Collected data: Begin

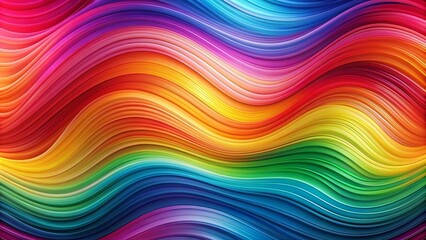 Obraz premium Abstract colorful background with a wave pattern , fractal, abstract, color, background, wave, pattern, design, art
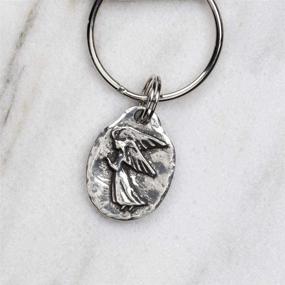 img 3 attached to Danforth Keyring Guardian Pewter Handcrafted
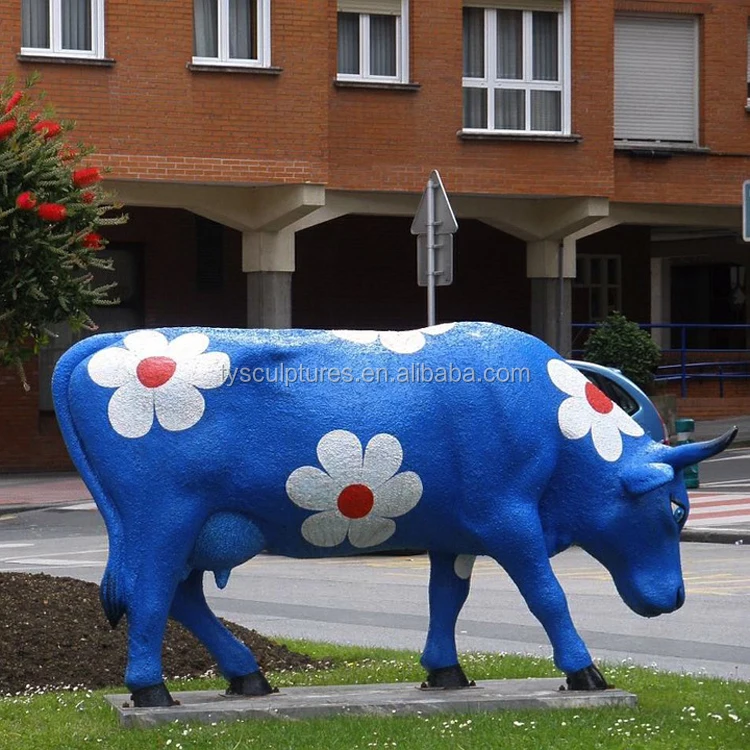 Garden Decoration Life Size Painted Resin Fiberglass Bull Statue Buy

Collected data: End

*Problem statement*. Now repeat exactly the lines from the one with "img 3 attached" through the end of the listing above, both included, omitting all pictures.

*Output below*.
 img 3 attached to Danforth Keyring Guardian Pewter Handcrafted
 Garden Decoration Life Size Painted Resin Fiberglass Bull Statue Buy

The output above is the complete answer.